Visitors centre, Skirðuklaustur
SKIRÐUKLAUSTUR (IS) - In eastern Iceland, close to the Vatnajökull National Park, a new visitors' centre has just opened its doors. As with many visitors' centres, the surrounding landscape was a source of inspiration for the building, which is constructed of local materials. In addition to a turf roof and walls of local stone, Arkís Architects have used Icelandic larch as a prominent design feature of the Snæfellsstofa visitors' centre.
This comes as something of a surprise, as you don't have to spend much time in Iceland to realize that it is a country barren of vegetation and the only trees around are those in people's backyards. The original forests, mostly birch, were cut down centuries ago, causing severe erosion. In order to stop this process, new trees are now being planted by Skógrækt Ríkisins, a government company.
When Arkís approached the company about this particular project, they were told that they were 50 years too early, because that is how long it will take before entire buildings can be constructed out of wood grown in Iceland.

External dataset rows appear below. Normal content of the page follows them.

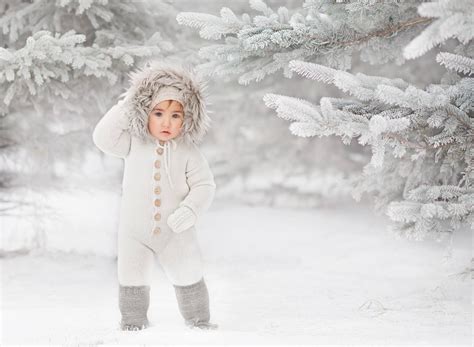 Cute Toddler In Winter Snowsuit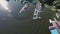 Motorboat moored at the pier. Aerial top view of boats and yachts from above.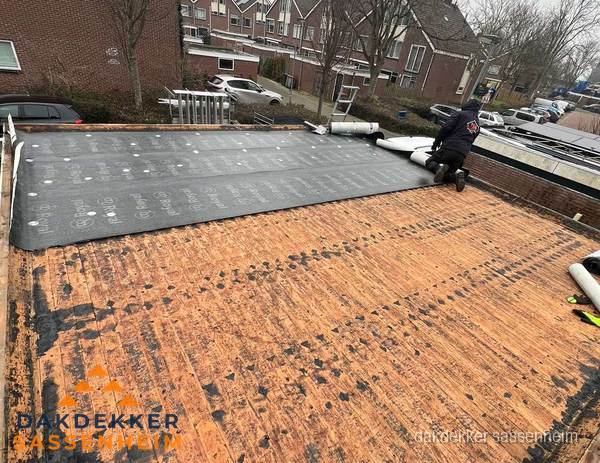 Dakdekker legt onderlaag op plat dak met houten constructie in Sassenheim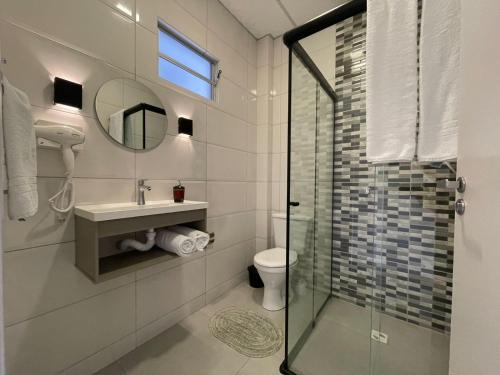 uma casa de banho com uma cabina de duche em vidro e um WC. em VILLA BILAC 03 - Studio próximo à Vila Germânica em Blumenau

Many types of trees have been tested for Icelandic conditions, and those that have proven suitable are birch, larch and spruce. Those forests that can be found in the country consist mostly of larch, and they are located in the eastern part of the country. This made it logical for Arkís to use this wood in the visitors' centre.
As tree cultivation is at an early stage, Icelandic wood has to be used very consciously. At the moment, the trees are currently no higher than about two metres, which means that the local wood can only be used for elements such as wall panelling and terrace decking – just as in this project.